Friday, October 21, 2011
By the time of his appointment, Cranmer had already had come to accept the essential doctrines of the reformation. Over the next several years he would leave behind the Roman Catholic doctrine of transubstantiation, as well as accepting only two sacraments (holy communion and baptism) as of the gospel and instituted by Christ. The other five so-called sacraments (confession, marriage, confirmation, anointing of the sick, holy orders), though valid and godly in nature, were not biblically instituted as such nor had they two parts (outward material sign and inward grace) necessary for a sacrament.
Cranmer's reformed path was quite distinct from a large percentage of the bishops who served throughout England at that time. Many of those men were still Roman Catholic in outlook, if not in doctrine and practice. The years leading up to the death of King Henry VIII were marked by a kind of see-saw slow-motion reform... three steps forward, two steps back, so to speak. This was clearly seen in the first attempt at a church confession, the Ten Articles, which was a compromise between the Roman Catholic party and those favoring reform. King Henry as monarch had become the Supreme Head of the Church when England threw off the Pope's authority. As was his wont when deciding doctrinal questions, he selected the committee bishops by appointing equal representation from the Catholic conservatives and the evangelical reformers; the perfect formula for doctrine compromise based on a political consensus rather than Holy Scripture alone.
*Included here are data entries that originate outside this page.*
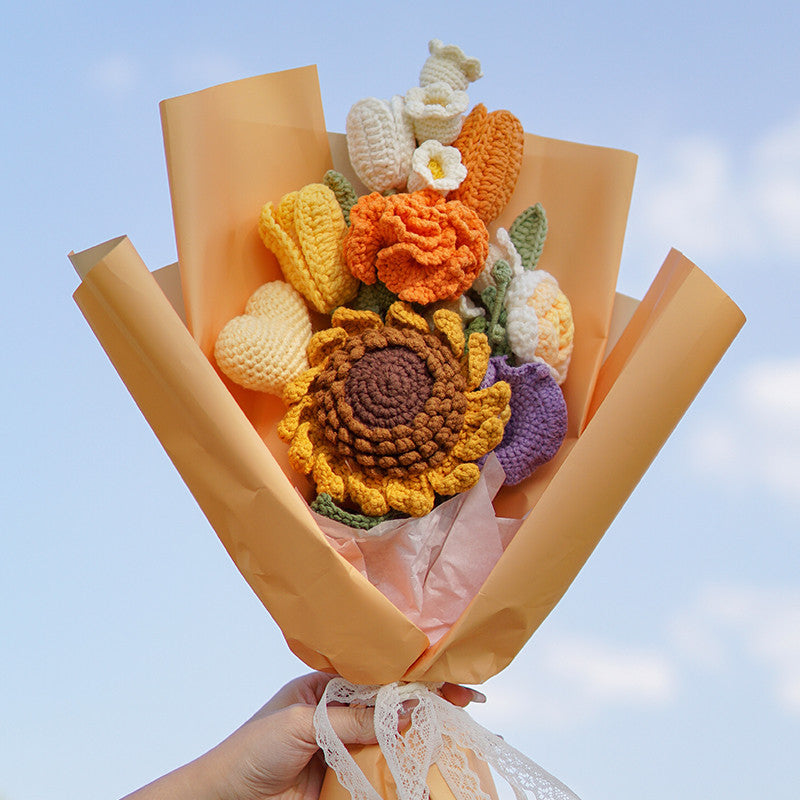 Handmade Knitted Sunflower Bouquet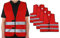 4business 4 Stück Signalweste rot für Erwachsene Größen S - 3XL Polyester waschbar Sicherheitsweste 4er Set (S/M)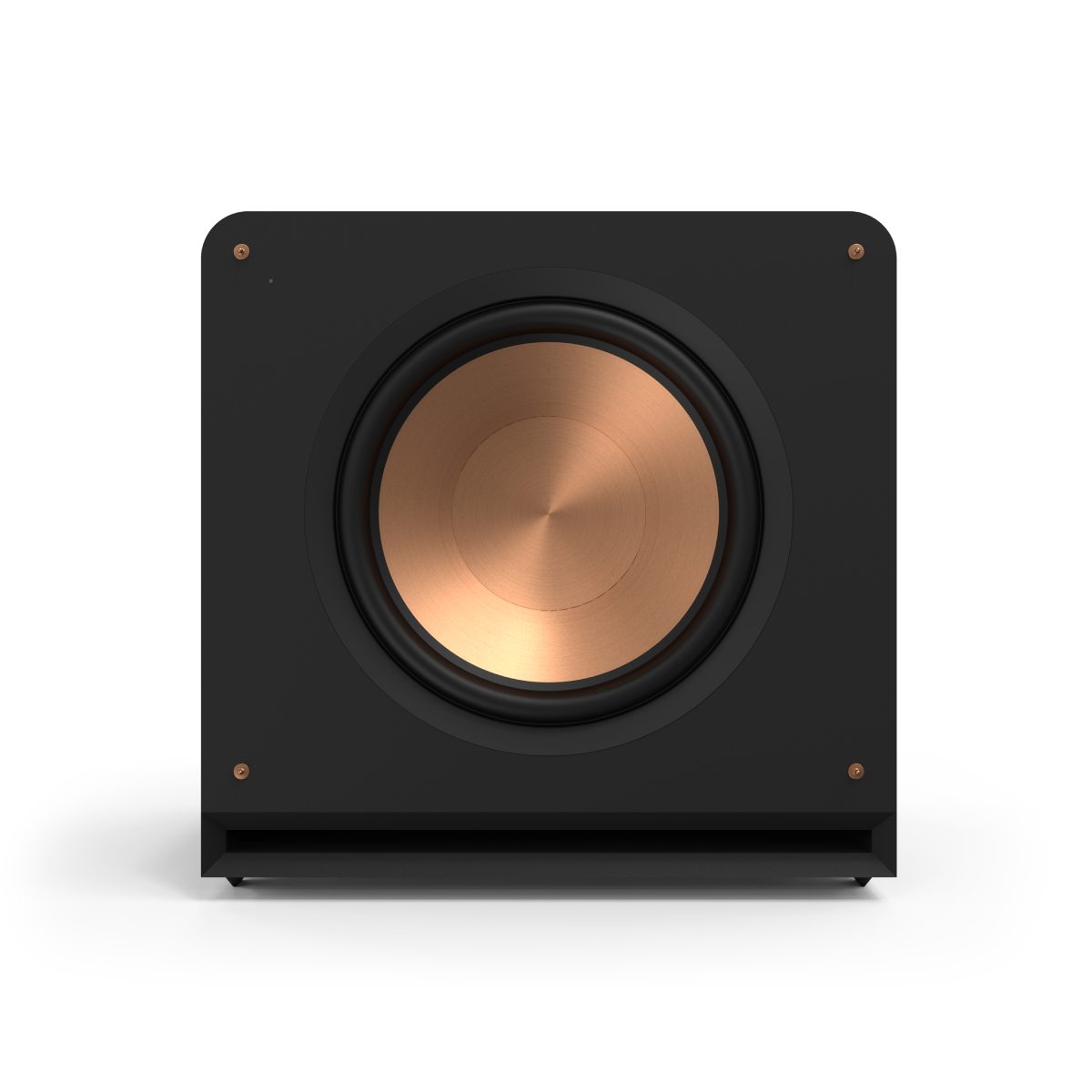 Black subwoofer with bronze cone on a white background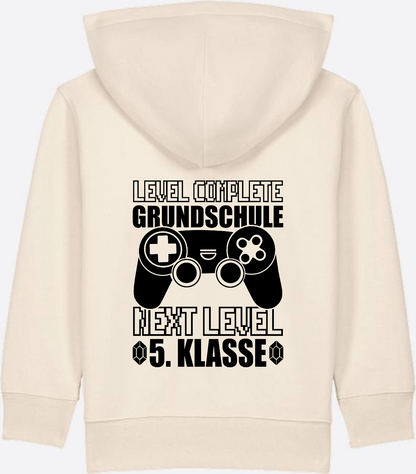 Kinder Zip-Hoodie Next Level 5. Klasse mit Name - Natural Raw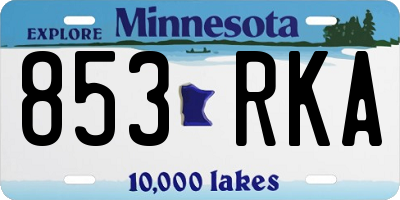 MN license plate 853RKA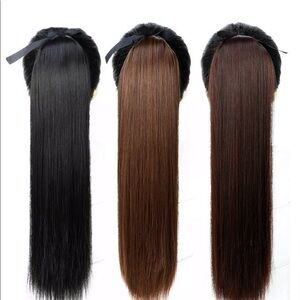 Ponytail twist tie long straight hair extension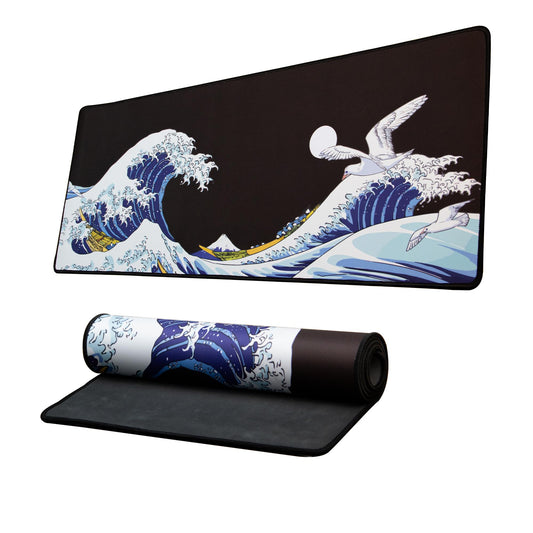 XVX Japanese Sea Wave Large Mouse Pad for Desk, Desk Mat with Seamed Edges, Waterproof Desk Pad, Gaming Mouse Pad Non-Slip Rubber Base, 31.5x11.8 Inch 3mm Thick Keyboard Pad Computer Mat, Kanagawa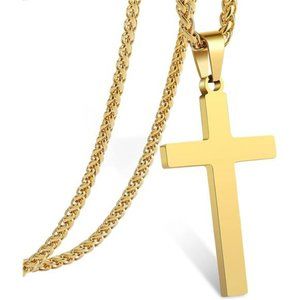 Men's Stainless Steel Cross Pendant Chain Necklace Gold Jewelry Religious Gift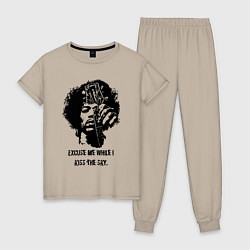 Пижама хлопковая женская James Marshall Hendrix, цвет: миндальный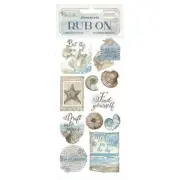 Stamperia - SILENT SEA - SEA SHELLS - RUB ON - 4" x 8.5"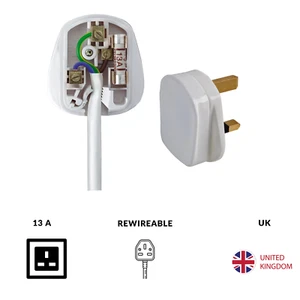 2-10 Rewireable Quick Fit 3 Pin UK Mains Plug Fitted with 13A Amp Fuse White - Picture 1 of 9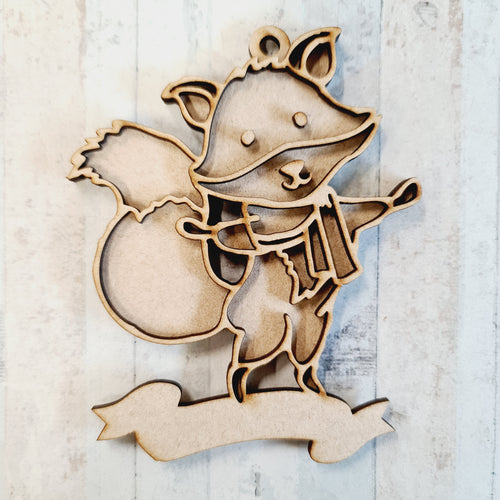 OL2067 - MDF Doodle Christmas Woodland Hanging - Fox 1 hat - with or without banner - Olifantjie - Wooden - MDF - Lasercut - Blank - Craft - Kit - Mixed Media - UK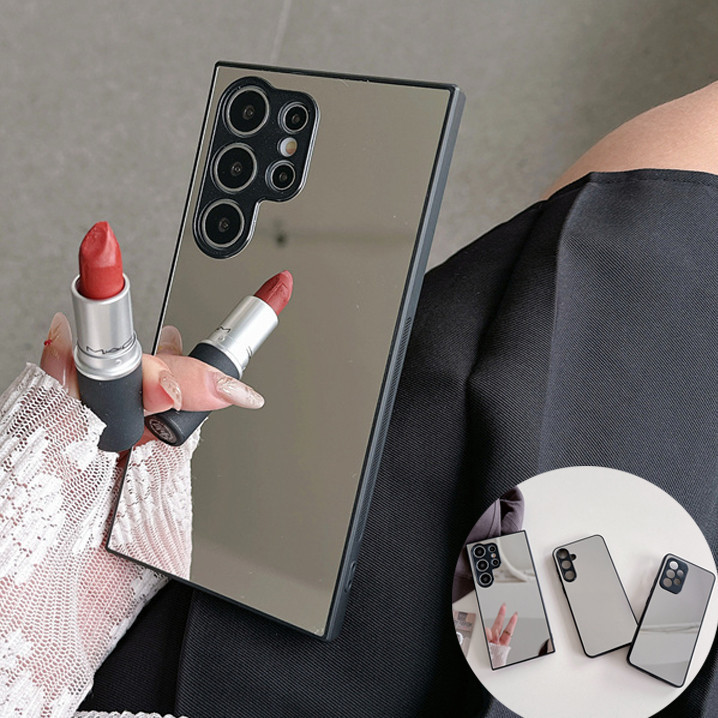 หรูหราแต่งหน้ากระจกเคสโทรศัพท์สําหรับ Samsung Galaxy S24 S25 S23 FE S22 Plus หมายเหตุ 20 Ultra S20FE A54 A55 ฝาครอบ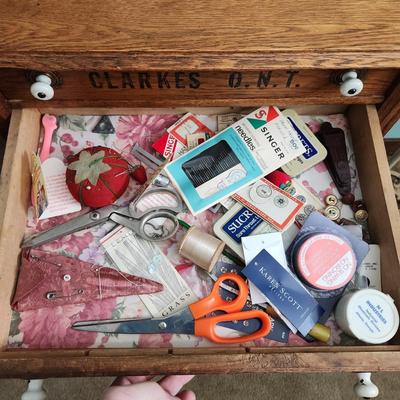 Clarkes O.N.T. Spool 2 Drawer Spool Cabinet with Contents shown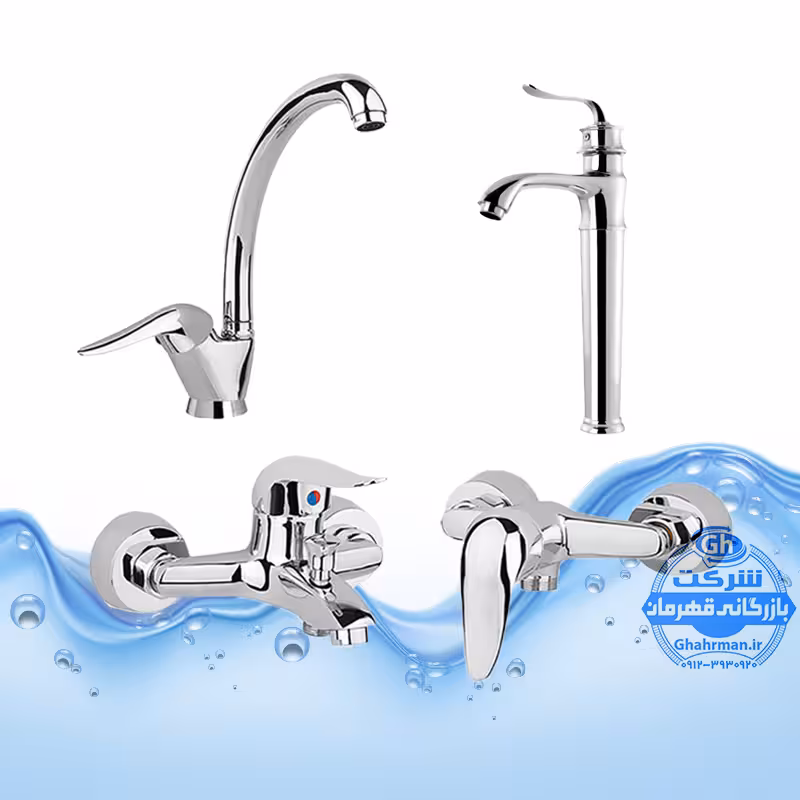 ست 4 عددی شیرآلات برند آیدا صنعت مدل قهرمان | شیر روشویی پایه‌بلند   شیر ظرفشویی   شیر حمام   شیر توالت | کروم براق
This was to be the pattern throughout the latter part of Henry's reign. It reflected his own theological ambivalence and ever-changing political concerns. This course set the stage for three developments that stayed with the English Church for the next 100-plus years of back and forth reform. One, it unofficially institutionalized a doctrinal see-saw battle between the Evangelicals and those of the more Catholic/medieval persuasion. Two, it validated a kind of rear-guard action by the Catholic conservative bishops (often in sync with the King or Queen) to preserve or reinstate certain medieval doctrines and practices and resist a fuller reformation of the English Church. Three, the involvement of the Monarch as both head of State and Church guaranteed that political calculations as well as personal religious preferences would intrude themselves in matters of Church doctrine, practice, and further reform.